The Liaoning and five escorts sailed 20 nautical miles outside Taiwan's air defence identification zone (ADIZ) in the Bashi Channel between Taiwan and the Philippines yesterday, the defence ministry said.
The ships continued sailing south-west after passing 90 nautical miles to the south of Taiwan's southernmost point Eluanbi Monday morning. They later travelled to the south-east of the Dongsha Islands in the South China Sea, the ministry added.
"The military has been on guard and fully monitoring the Liaoning. We urge the public to rest assured," it said.
Taiwanese media said an unspecified number of F-16 fighter jets and warships were deployed in Taiwan's ADIZ to closely watch the Chinese warships.
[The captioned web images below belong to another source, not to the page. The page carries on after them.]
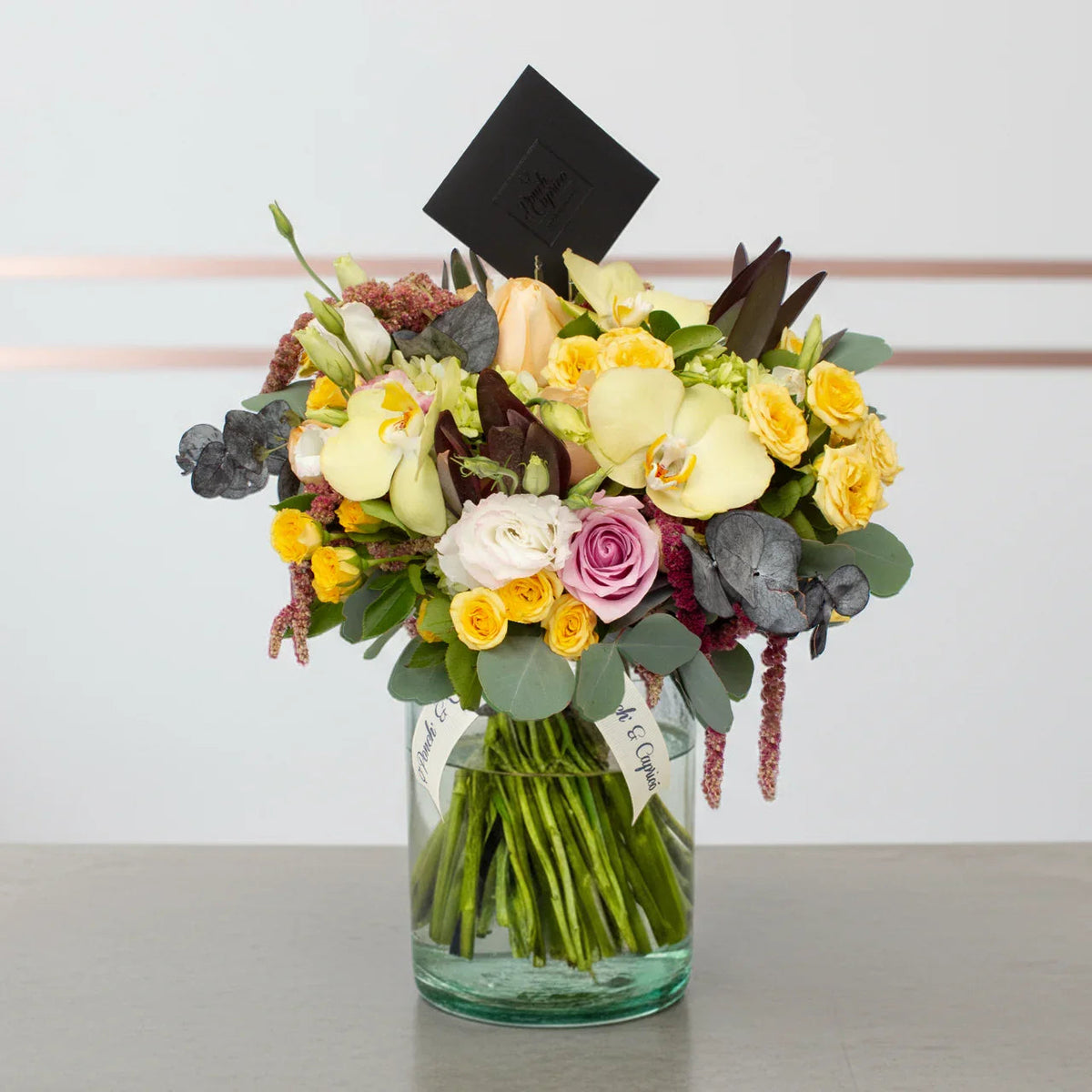 Arreglo floral de Orquídea Amarilla, Rosas Náuticas, Rosas Peach Avalanche, Lisianthus Pecoté Rosado y Dólar Marrón Pres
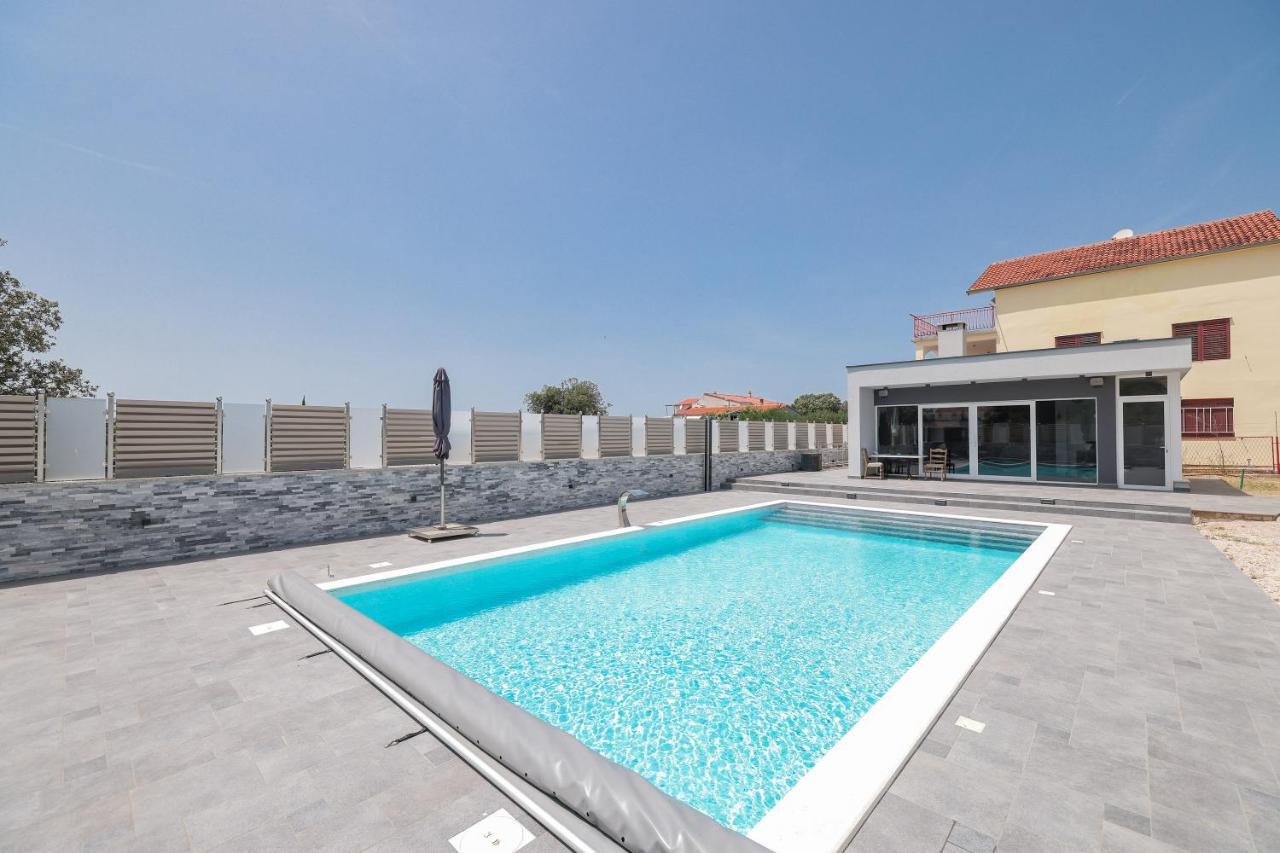 Apartments Nicola With Private Pool Bibinje Buitenkant foto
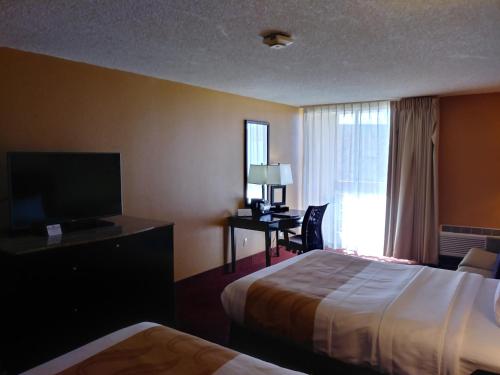 柯林斯堡柯林斯堡品质套房酒店的酒店客房设有两张床和一张书桌及电视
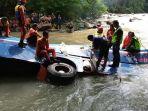 proses-evakuasi-penumpang-bus-sriwijaya-yang-jatuh-ke-jurang.jpg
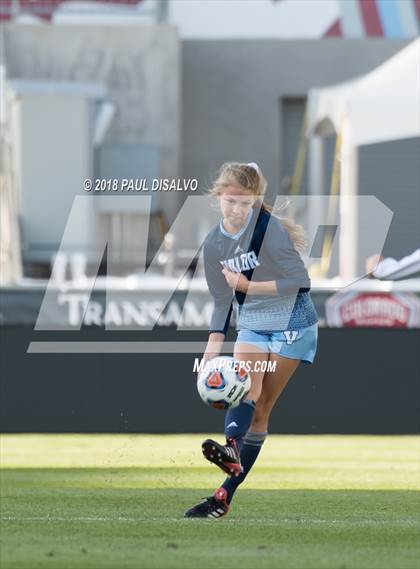 Thumbnail 1 in Windsor vs. Valor Christian (CHSAA 4A State Final) photogallery.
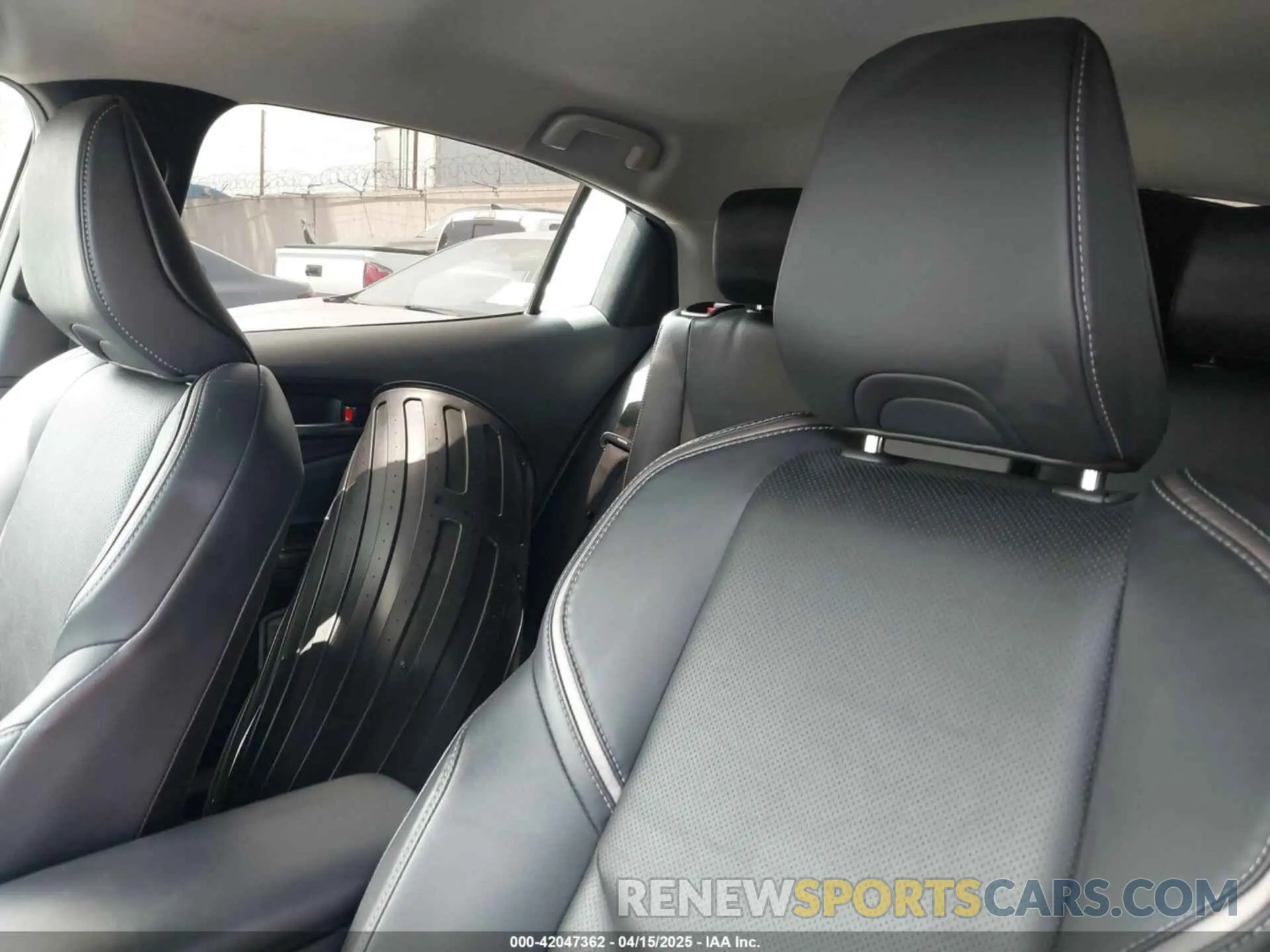 22 fotografías del automóvil dañado JTDACAAUXP3006206 TOYOTA PRIUS 2023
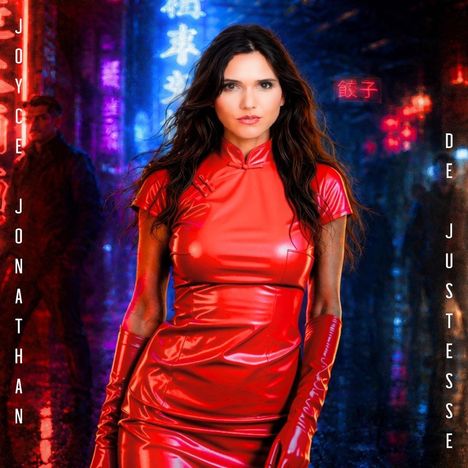 Texte: Joyce Jonathan, De Justesse, 胶子. Eine Frau in rotem Outfit in leuchtend bunter, nächtlicher Straßenszene.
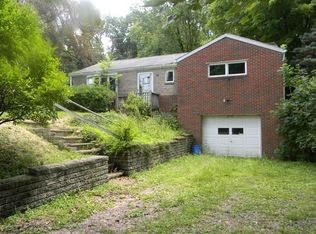 6735 Highland Ave, Finleyville, PA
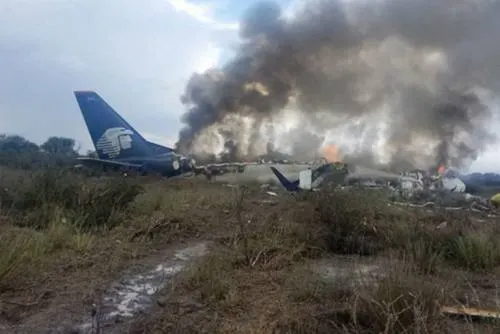 Inicia remoción de restos de avión de Aeroméxico accidentado en Durango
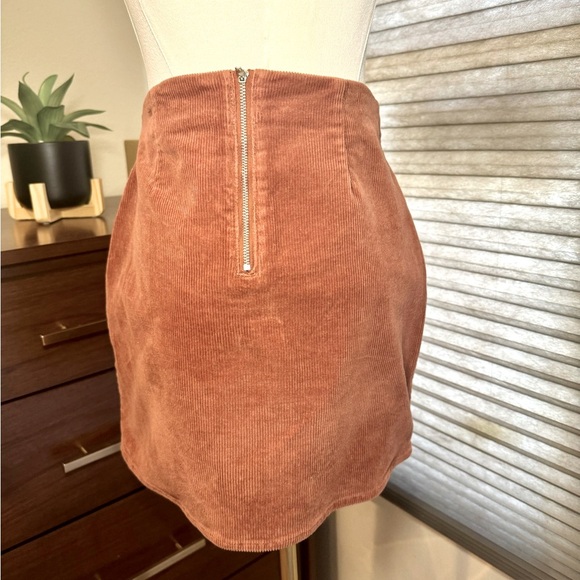 Juniors' SO® Corduroy High-Rise Wrap Mini Skirt, Size 5 in Cinnamon Coffee. - Picture 2 of 6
The ministry declined to comment.
Japan's defence ministry said earlier that eight Chinese vessels, including the carrier and three destroyers, were spotted by one of its ships in the central part of the East China Sea on Saturday afternoon.
Chinese media has reported that the aircraft carrier was headed for the Pacific on exercise for the first time.
The navy drills are seen as a show of strength by Beijing at a time of rising tensions with Taiwan and the United States following a protocol-breaking telephone conversation between Taiwanese President Tsai Ing-wen and US President-elect Donald Trump.
It was the latest in a series of recent exercises staged by China, after its military aircraft passed near Taiwan on December 10 for the second time in a month.
Taiwan's defence minister Feng Shih-kuan has called the timing of China's air exercises a coincidence, but warned the island still faces a military threat.
China views self-ruling Taiwan as part of its territory awaiting unification, by force if necessary, even though the two sides split in 1949 after a civil war.